Python is a superpower solving the hardest data challenges. Let me share with you our experiences in building machine learning system prototypes for medical image analysis and deploying them to production. Join us on our journey at KardioMe and see how simple it is to start analysing your data too.
Cardiac image analysis in Python
Join us for this talk, and at least for a moment become a part of our young company called KardioMe. Come and learn how we use Python for automated medical image analysis of our own hearts’ function. To improve our understanding of cardiac anatomy from computed tomography and magnetic resonance images and to make better tools for our doctors.

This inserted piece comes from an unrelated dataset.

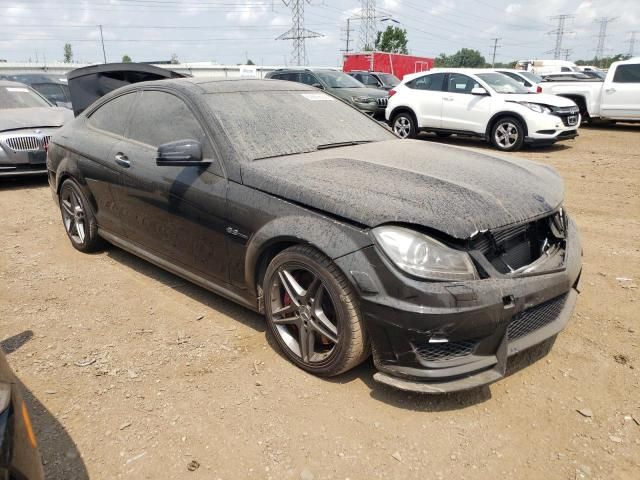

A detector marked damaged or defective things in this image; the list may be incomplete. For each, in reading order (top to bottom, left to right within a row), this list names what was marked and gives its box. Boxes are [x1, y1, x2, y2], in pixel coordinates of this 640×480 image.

damaged black mercedes-benz [47, 71, 584, 394]
cracked front bumper [338, 219, 584, 392]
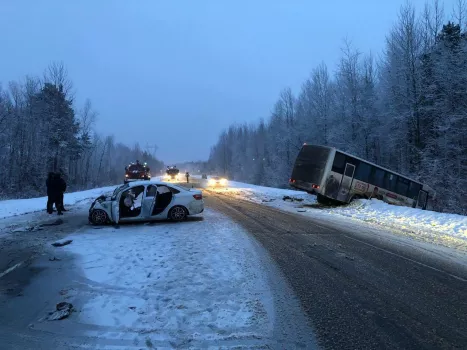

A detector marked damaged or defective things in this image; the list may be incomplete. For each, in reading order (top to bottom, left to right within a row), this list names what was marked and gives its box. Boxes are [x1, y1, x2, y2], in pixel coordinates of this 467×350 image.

PyData ecosystem - a superpower we all have
Python data ecosystem is a wonderful place to be and significantly lowers the barriers to entry, especially for bootstrapped companies. What used to be very hard a couple of years ago is now often just one import away. And the tools are top notch. Scikit-learn is a wonderful toolbox for any machine learning developer and researcher. And in parallel, deep learning libraries like Keras, Tensorflow or MxNet are gaining in popularity too.
Which library to choose?
We will discuss which machine learning and image processing libraries to pick, and how deep learning with convolutional neural nets can solve some of your computer vision challenges.
Is there a winner?
But there is no real battle to select a single winner. Each library has its own strengths and set of tools. Let me show you how these can play very well together, for example, to make your data annotation process much faster.
Let’s share experiences
Let me share with you our experiences and tips and tricks in building machine learning systems and deploying them into production.
So are you applying computer vision and machine learning in your projects or thinking to do so? Are you excited about artificial intelligence and the future of healthcare? Come to the talk and together, we will see tools making our healthcare at least a bit more efficient. Tools empowering all of us to take better care of our health.